EXERCISE BRIEF
The lines from the one containing "Two glasses with" through the final line of the listing below are what the answer must repeat, exactly and only, leaving pictures out.

EXTRACTED DATA

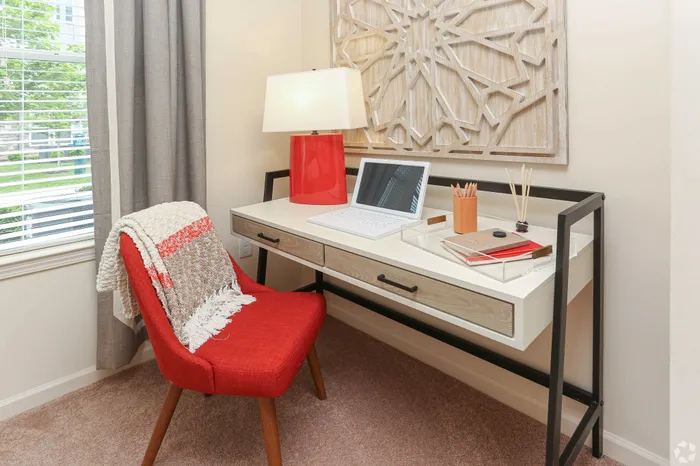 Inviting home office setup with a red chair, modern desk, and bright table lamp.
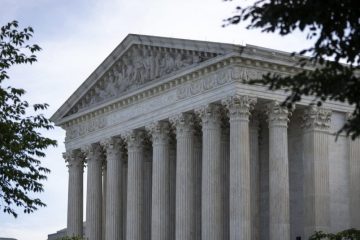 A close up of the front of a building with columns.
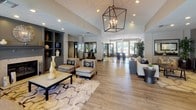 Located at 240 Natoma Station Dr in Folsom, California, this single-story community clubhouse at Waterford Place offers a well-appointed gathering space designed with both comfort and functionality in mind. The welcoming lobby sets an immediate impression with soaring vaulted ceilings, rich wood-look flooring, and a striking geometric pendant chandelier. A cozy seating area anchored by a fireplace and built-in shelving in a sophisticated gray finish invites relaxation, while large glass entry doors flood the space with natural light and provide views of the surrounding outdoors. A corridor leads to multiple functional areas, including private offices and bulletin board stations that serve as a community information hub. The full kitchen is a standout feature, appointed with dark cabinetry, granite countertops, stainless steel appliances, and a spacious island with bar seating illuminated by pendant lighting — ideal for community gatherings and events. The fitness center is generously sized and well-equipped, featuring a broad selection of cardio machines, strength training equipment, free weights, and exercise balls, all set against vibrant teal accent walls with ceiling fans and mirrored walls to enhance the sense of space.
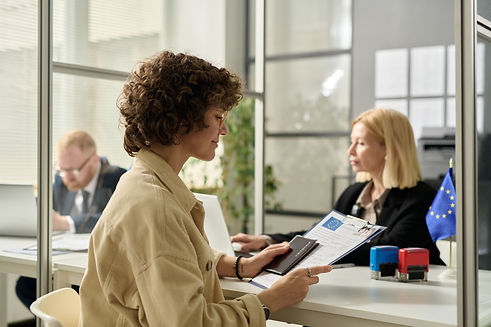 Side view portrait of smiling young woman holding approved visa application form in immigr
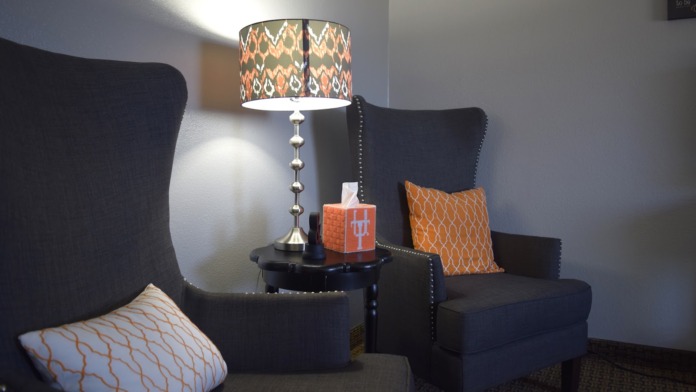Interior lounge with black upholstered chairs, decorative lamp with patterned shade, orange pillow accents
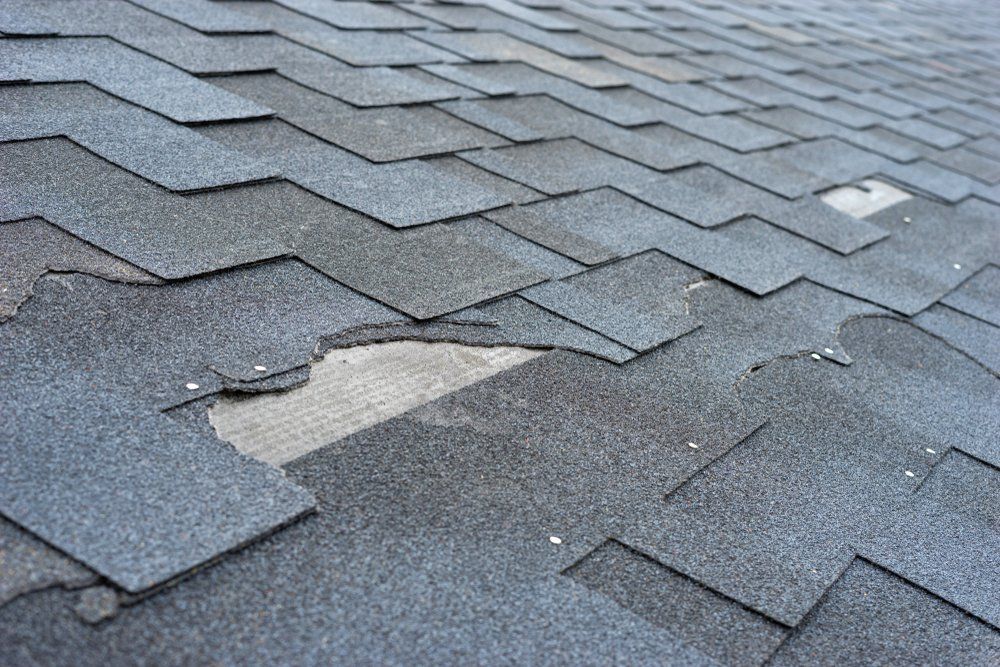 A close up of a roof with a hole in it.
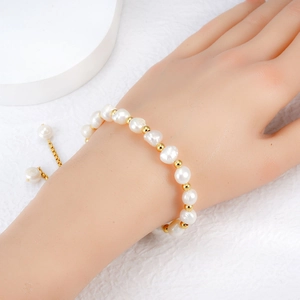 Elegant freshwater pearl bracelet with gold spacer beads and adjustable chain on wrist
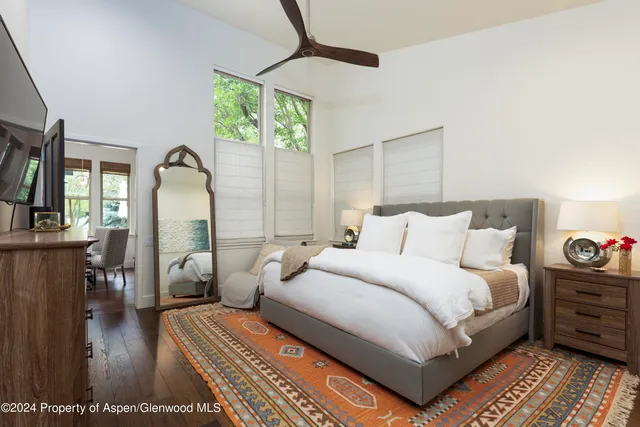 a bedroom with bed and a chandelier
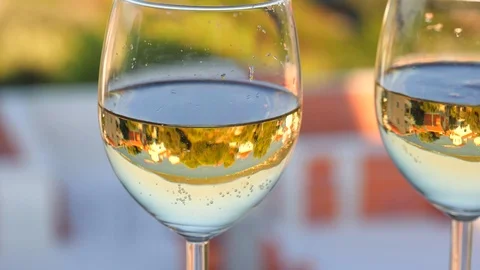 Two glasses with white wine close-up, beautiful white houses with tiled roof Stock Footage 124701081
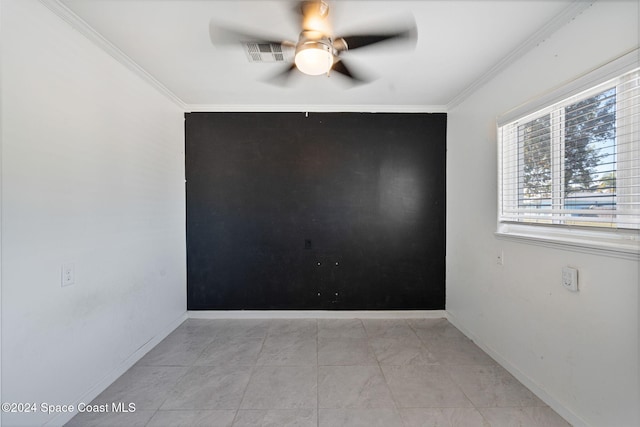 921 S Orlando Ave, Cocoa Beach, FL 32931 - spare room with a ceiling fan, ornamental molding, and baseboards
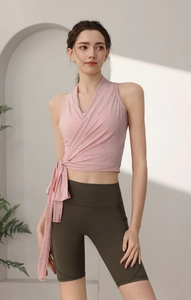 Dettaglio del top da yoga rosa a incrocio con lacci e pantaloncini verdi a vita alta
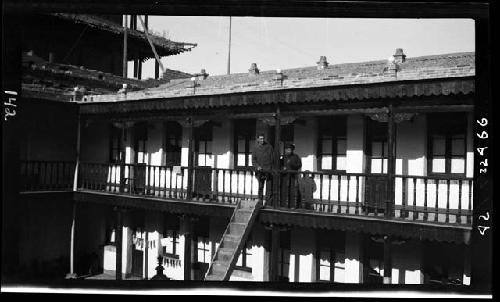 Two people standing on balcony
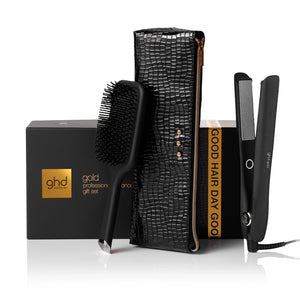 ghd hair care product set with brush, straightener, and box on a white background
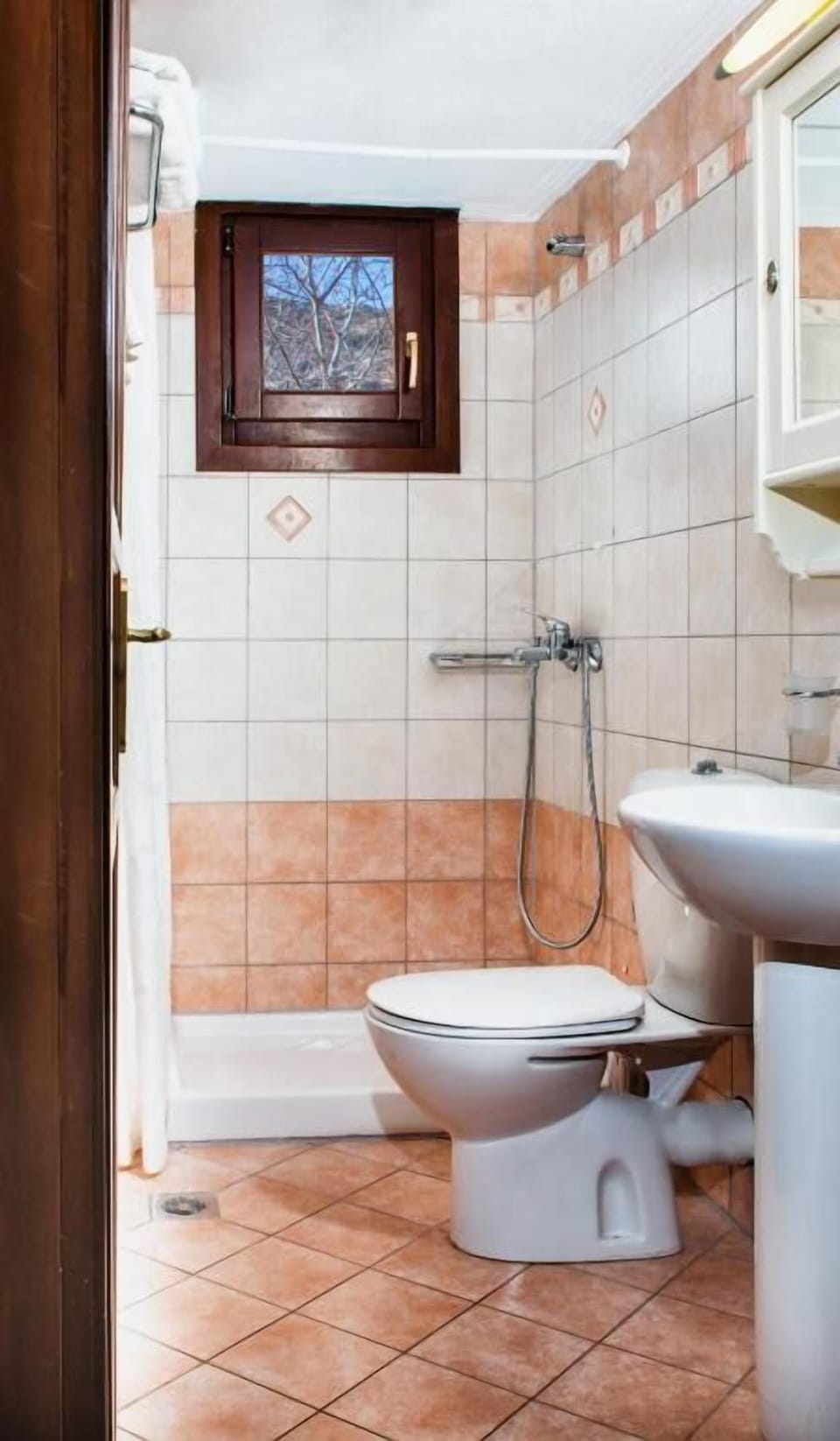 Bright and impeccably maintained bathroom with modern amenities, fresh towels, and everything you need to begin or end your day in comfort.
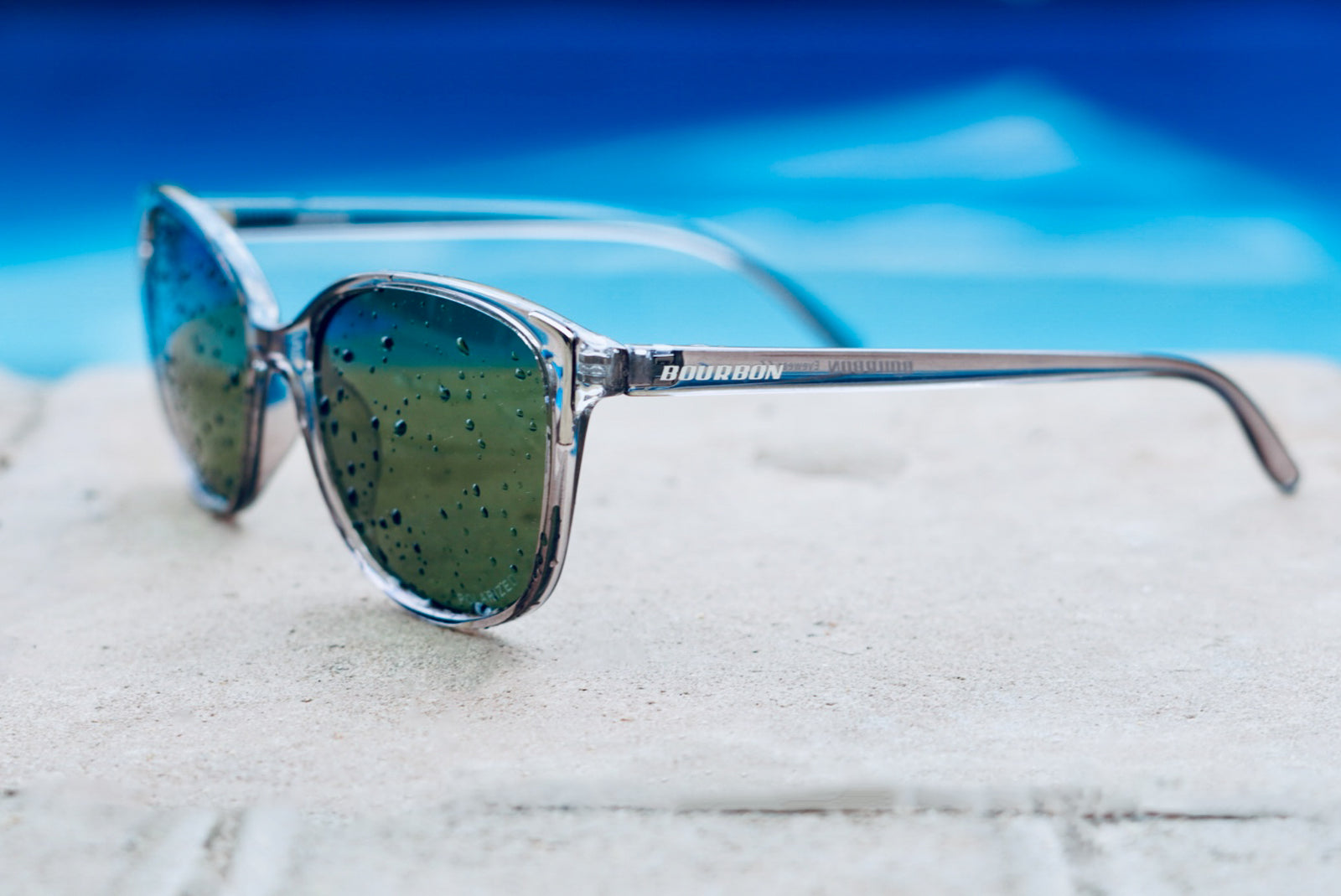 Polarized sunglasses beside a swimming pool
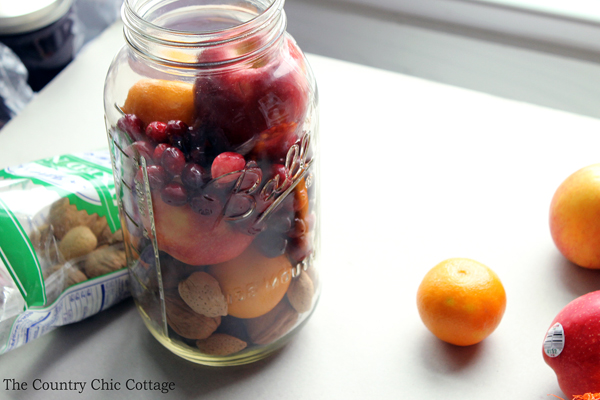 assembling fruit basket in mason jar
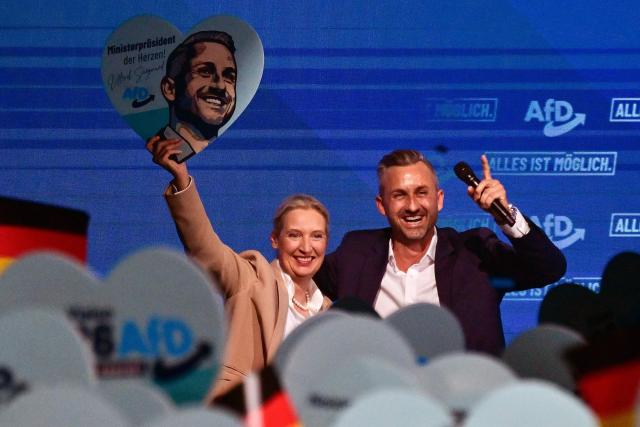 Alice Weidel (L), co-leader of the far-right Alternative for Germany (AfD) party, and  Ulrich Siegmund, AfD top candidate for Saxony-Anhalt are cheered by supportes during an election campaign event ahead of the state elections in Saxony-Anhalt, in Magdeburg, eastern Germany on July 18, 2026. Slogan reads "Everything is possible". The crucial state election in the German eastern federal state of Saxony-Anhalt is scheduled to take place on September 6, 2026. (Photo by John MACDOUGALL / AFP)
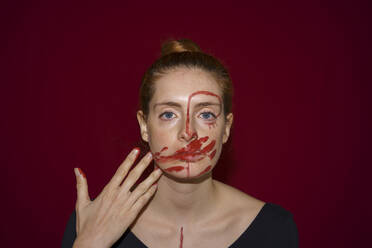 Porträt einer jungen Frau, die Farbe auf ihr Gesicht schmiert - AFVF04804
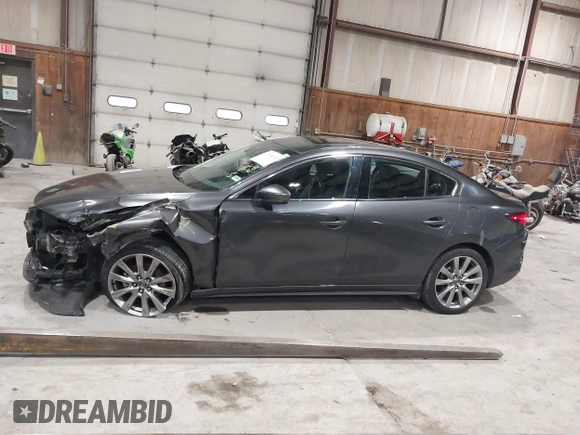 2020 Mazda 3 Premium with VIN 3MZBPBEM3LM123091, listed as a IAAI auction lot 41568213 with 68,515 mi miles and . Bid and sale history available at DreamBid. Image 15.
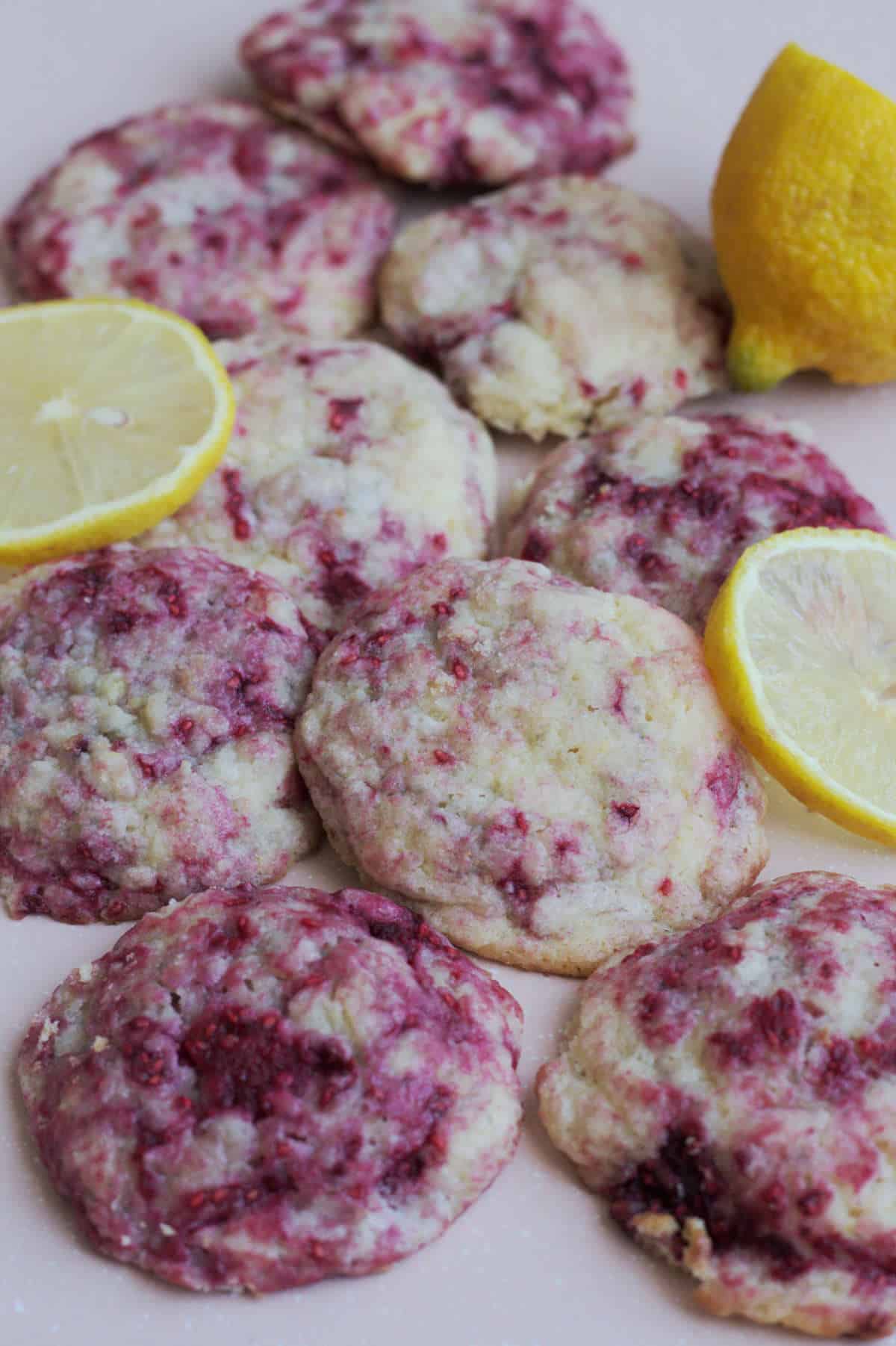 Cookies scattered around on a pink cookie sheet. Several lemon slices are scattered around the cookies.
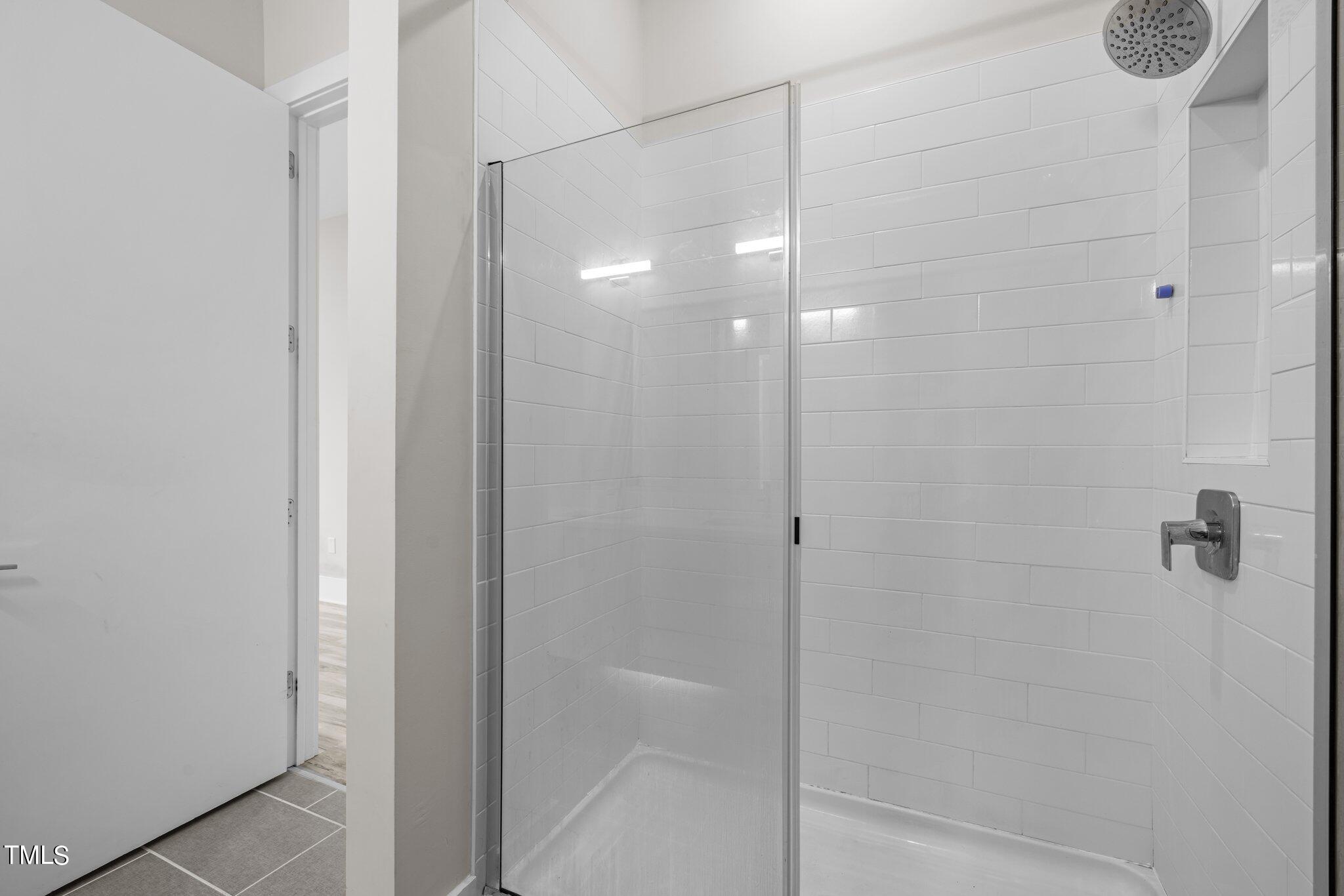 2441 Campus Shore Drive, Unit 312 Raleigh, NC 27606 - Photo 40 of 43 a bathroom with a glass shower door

SOLUTION TO THE EXERCISE
 Two glasses with white wine close-up, beautiful white houses with tiled roof Stock Footage 124701081
 921 S Orlando Ave, Cocoa Beach, FL 32931 - spare room with a ceiling fan, ornamental molding, and baseboards
 Dettaglio del top da yoga rosa a incrocio con lacci e pantaloncini verdi a vita alta
 Two people standing on balcony
 ghd hair care product set with brush, straightener, and box on a white background
 Bright and impeccably maintained bathroom with modern amenities, fresh towels, and everything you need to begin or end your day in comfort.
 Polarized sunglasses beside a swimming pool
 assembling fruit basket in mason jar
 Alice Weidel (L), co-leader of the far-right Alternative for Germany (AfD) party, and  Ulrich Siegmund, AfD top candidate for Saxony-Anhalt are cheered by supportes during an election campaign event ahead of the state elections in Saxony-Anhalt, in Magdeburg, eastern Germany on July 18, 2026. Slogan reads "Everything is possible". The crucial state election in the German eastern federal state of Saxony-Anhalt is scheduled to take place on September 6, 2026. (Photo by John MACDOUGALL / AFP)
 Porträt einer jungen Frau, die Farbe auf ihr Gesicht schmiert - AFVF04804
 2020 Mazda 3 Premium with VIN 3MZBPBEM3LM123091, listed as a IAAI auction lot 41568213 with 68,515 mi miles and . Bid and sale history available at DreamBid. Image 15.
 Cookies scattered around on a pink cookie sheet. Several lemon slices are scattered around the cookies.
 2441 Campus Shore Drive, Unit 312 Raleigh, NC 27606 - Photo 40 of 43 a bathroom with a glass shower door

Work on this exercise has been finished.